INFORMATION SUPPLIED ->
▬▬▬▬▬▬

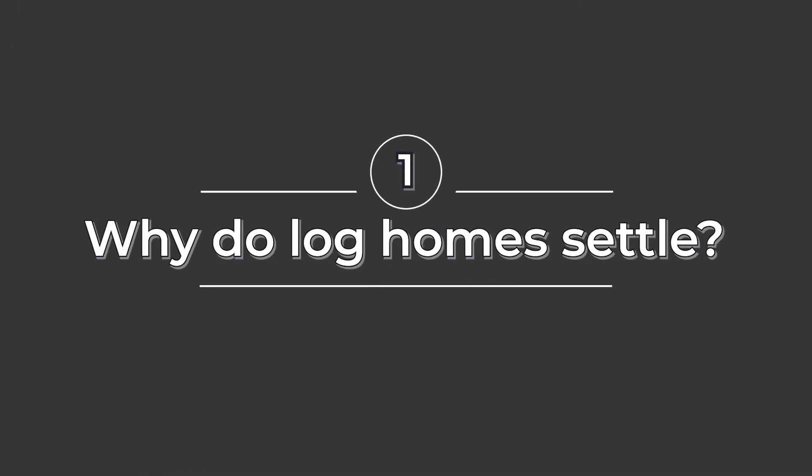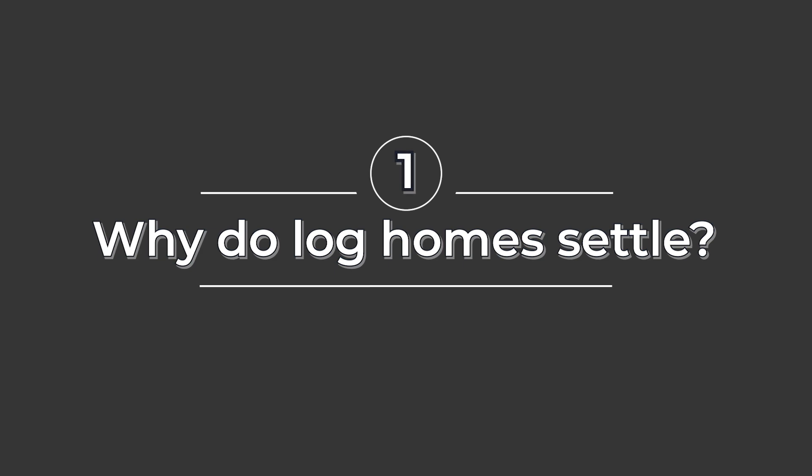Hello, my name is Darren Beiler at Caribou Creek Log Homes. This is my father, David, and we're going to talk a little bit about how log homes settle. So maybe the first question is, why do log homes settle?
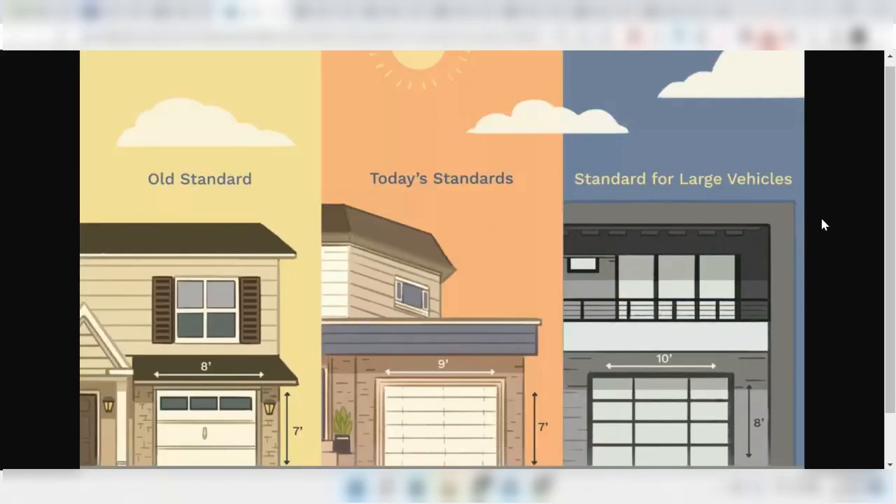I wanted to look at some of the standard garage door sizes that are out there. Some of the older homes do have garage doors that are as narrow as 8 feet wide, so you can imagine that it would be difficult to park a car that is 7.5 feet wide in such a narrow garage with only about 4 inches of clearance on both sides.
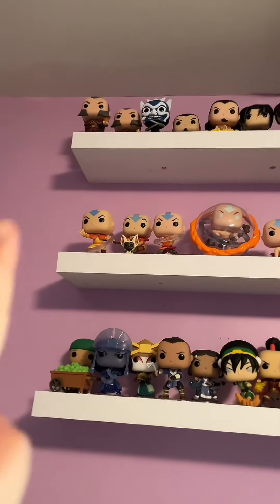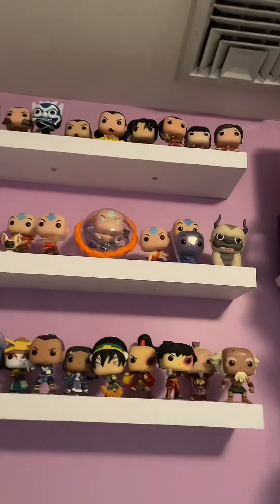Hey guys, so it's once again time for me to reorganize my Avatar The Last Airbender Funko Pop shelves. This time we are adding Momo in his little warrior getup and Appa in his armor from the episode where Aang can't sleep — I believe the episode is called Nightmares and Daydreams — and we're going to try and fit them on the Aang shelf.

▬▬▬▬▬▬

TASK STATEMENT -> Return the data above unchanged. Pictures are not part of the copy.

RESPONSE ->
Hello, my name is Darren Beiler at Caribou Creek Log Homes. This is my father, David, and we're going to talk a little bit about how log homes settle. So maybe the first question is, why do log homes settle?
I wanted to look at some of the standard garage door sizes that are out there. Some of the older homes do have garage doors that are as narrow as 8 feet wide, so you can imagine that it would be difficult to park a car that is 7.5 feet wide in such a narrow garage with only about 4 inches of clearance on both sides.
Hey guys, so it's once again time for me to reorganize my Avatar The Last Airbender Funko Pop shelves. This time we are adding Momo in his little warrior getup and Appa in his armor from the episode where Aang can't sleep — I believe the episode is called Nightmares and Daydreams — and we're going to try and fit them on the Aang shelf.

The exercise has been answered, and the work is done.